The origins of the legend go back to around 1535, when Diego de Almagro left Cuzco in Peru to attempt to the conquest of Chile. He was accompanied by 550 Spaniards and some 10,000 Peruvian indians. Among these were two men of high rank; Paullo Tupac and Huillac Huma. The former was a prince of the royal Inca family and the latter the last High Priest of the extinguished cult of the Sun God. They were held by the Spanish as hostages for the State. It was their responsibility to keep order among the indians who made up the bulk of the expedition, and if they failed to do so they would be killed in retribution for the disorder. High Priest Huillac Huma was accompanied by his daughter Nusta, in whose veins ran the blood of the Incas. When the expedition reached Atacama, he decided to seize the opportunity to escape. His daughter Nusta remained with a group of natives who were also planning to slip away. When she in turn fled, the group took refuge in a forest of tamarugo trees, in the area now known as Pampa del Tamarugal.

The Inca princess lived there for four years, surrounded by her servants. She directed and organized them and became known as the Tirana del Tamarugal – the "Tyrant of the Tamarugo Forest". One day a handsome, haughty Spaniard was brought before the princess, Vasco de Almeyda, one of a group of prospectors settled in Huantajaya who were searching for the mythical "Mine of the Sun". No sooner had the princess set eyes on this foreigner than she fell in love with him. The elders and other men of the tribe condemned the Spaniard to death to save her from herself, but the impassioned young woman sought for ways to break with tradition and save her beloved from his fate. She consulted the stars in accordance with traditional beliefs and informed her people that the execution could not take place until after the fourth full moon.

During the period from then until the execution the lovers managed to meet and maintain a secret relationship in which they could express their love. She begged her lover to convert her to the Catholic faith so that when she died her soul would not perish, just as the Christians promised.
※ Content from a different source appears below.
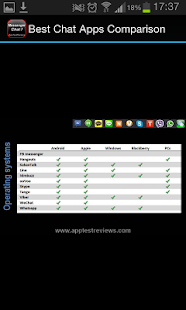 Best Chat Apps Comparison I Screenshots 8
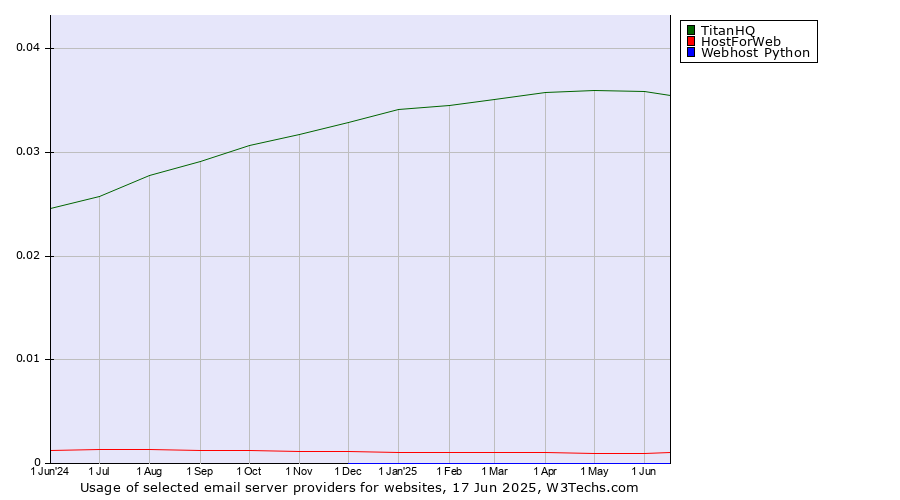 Historical trends in the usage of TitanHQ vs. HostForWeb vs. Webhost Python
At the very moment when he was baptising her as a Christian soul, a cloud of arrows interrupted the ceremony. The native people who lived in the area, and who were maintaining a watch on her, could not tolerate such a betrayal. The couple fell, mortally wounded.  With an effort Nusta raised her dying body, called to her people – the people of La Tirana del Tamarugal – and said: "I die content, I die happy, sure as I am in my faith in Jesus Christ, that my immortal soul… will ascend into Glory and reach the throne of God, together with that of my beloved, and that we shall be together for all eternity. I only beg you, when I am dead, to bury me beside my beloved and raise a cross over my grave".

It was in the 1940s that Fray Antonio Rodón, responsible for evangelizing the area of Tarapacá and Pica, arrived at the Tamarugal to raise the standard of Christ. One day he saw a rainbow on the horizon and he followed it to the forest of Tamarugos. When he arrived at the forest he found a Christian cross. On finding the cross the priest heard a voice from heaven which told him about the Inca princess Nusta, and he built a hermitage on the spot. This was later enlarged to a church in honour of the Virgen del Carmen, in memory of Nusta’s self-sacrifice for Vasco de Almeyda.